Беспрерывное бормотание Алекса разительно отличалось в то время от моего стиля интервью. Я тогда был довольно скован. Меня озадачивало желание людей узнать мою точку зрения обо всем на свете. Дело было не в том, что я был груб, как говорили в прессе, а в том, что я не знал, как общаться. Репортер Грэхем Никлесс писал: «Джимми интересно играться с шарами, а не со словами. Однако он известен своим чувством юмора».
Irish Masters проводился в Гоффсе (с. Килл, графство Килдар). Гоффс строили специально для продажи лошадей. Несмотря на небольшие размеры Килла (это деревушка на гребне гор Уиклоу) Гоффс один из лучших питомников чистокровных лошадей в Европе. По продаже лошадей он занимает четвертое место в мире. Ежегодный оборот только на продаже жеребцов-однолеток составляет больше десяти миллионов фунтов. Атмосфера, как на арене для продаж, так и на снукерной арене, в которую она время от времени превращается, по-настоящему волшебна. Во время матчей ты чувствуешь едкий пикантный запах лошадей и навоза, и практически слышишь ржание призрачных скакунов, несущихся галопом вокруг.
Я ничего не выигрывал в Ирландии с Nothern Ireland Classic 1981. Я не выигрывал Мастерс до 1985 года, но, тем не менее, 1984 год запомнился царившим весельем, а в Ирландии оно всегда было просто исключительным.
Чемпионат мира среди любителей проводится в Дублине каждые четыре года. Как бывший победитель я обычно приезжал, чтобы поддержать участников и пожелать им удачи. В один из таких визитов я столкнулся с Коном Данном в Дублинском аэропорту (в туалете аэропорта, если бы точным – Кон стоял в соседней кабинке). «Джимми! – воскликнул он – Что ты тут делаешь?» – и все завертелось. Снова. В один из вечеров мы напились до зеленых чертей, и тогда же юный Стивен Хендри попросил Кона нас познакомить. Каким он был худеньким, как благоговейно смотрел, пожимая мою протянутую руку! Потом он порозовел и кинул быстрый взгляд на свою ладонь. «Ты больше не будешь ее мыть, да, Стивен?» – поддразнил его Кон. И бедный Стивен покраснел, как маков цвет.

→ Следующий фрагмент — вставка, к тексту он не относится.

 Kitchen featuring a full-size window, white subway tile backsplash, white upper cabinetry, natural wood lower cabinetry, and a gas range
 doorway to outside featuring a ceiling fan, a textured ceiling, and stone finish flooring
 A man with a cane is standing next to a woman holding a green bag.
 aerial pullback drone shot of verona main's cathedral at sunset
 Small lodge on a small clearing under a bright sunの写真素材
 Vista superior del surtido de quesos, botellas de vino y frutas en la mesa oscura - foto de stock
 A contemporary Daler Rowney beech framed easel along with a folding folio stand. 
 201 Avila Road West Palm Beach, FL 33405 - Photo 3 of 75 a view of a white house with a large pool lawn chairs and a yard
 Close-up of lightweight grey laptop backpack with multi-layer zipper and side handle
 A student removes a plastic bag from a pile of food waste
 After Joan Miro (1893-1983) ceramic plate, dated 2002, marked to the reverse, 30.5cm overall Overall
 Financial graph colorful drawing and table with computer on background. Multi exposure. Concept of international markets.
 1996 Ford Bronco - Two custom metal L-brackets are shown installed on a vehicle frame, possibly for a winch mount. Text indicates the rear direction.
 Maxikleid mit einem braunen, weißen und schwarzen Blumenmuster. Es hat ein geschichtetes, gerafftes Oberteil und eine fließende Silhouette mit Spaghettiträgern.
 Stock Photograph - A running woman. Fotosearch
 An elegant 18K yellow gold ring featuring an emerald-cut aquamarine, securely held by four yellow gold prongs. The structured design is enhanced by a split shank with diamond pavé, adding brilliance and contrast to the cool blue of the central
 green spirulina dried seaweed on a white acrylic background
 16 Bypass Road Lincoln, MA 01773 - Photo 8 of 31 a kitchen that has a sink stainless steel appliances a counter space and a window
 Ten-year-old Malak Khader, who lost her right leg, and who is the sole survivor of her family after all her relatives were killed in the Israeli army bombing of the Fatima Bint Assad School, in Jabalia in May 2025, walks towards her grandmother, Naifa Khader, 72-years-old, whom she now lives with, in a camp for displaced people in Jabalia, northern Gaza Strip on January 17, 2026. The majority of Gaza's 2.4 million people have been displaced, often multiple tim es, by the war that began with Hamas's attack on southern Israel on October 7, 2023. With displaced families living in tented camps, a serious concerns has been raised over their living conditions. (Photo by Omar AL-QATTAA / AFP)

Вскоре расцвела уже его игра, и после этого я стал нуждаться в помощи.
*
Незадолго до переезда в Нью-Йорк Кон и его брат Риччи занялись транспортным бизнесом: они на автобусах развозили пассажиров из Дублинского аэропорта. Еще они выиграли франшизу у ирландской Ассоциации Пула, Бильярда и Снукера на то, чтобы стать их официальными перевозчиками: это означало, что они гарантировали доставку людей из аэропорта в Гоффс. Таким образом, пассажиров предполагалось доставлять либо бесплатно, либо, как в случае с IPBSA, им продавали билеты туда и обратно. Но для Кона это не стало проблемой. Проведя пару дней в Ирландии, большинство туристов, американцы в особенности, становились слишком пьяны, чтобы заметить, что он заставляет платить их дважды – и туда, и обратно.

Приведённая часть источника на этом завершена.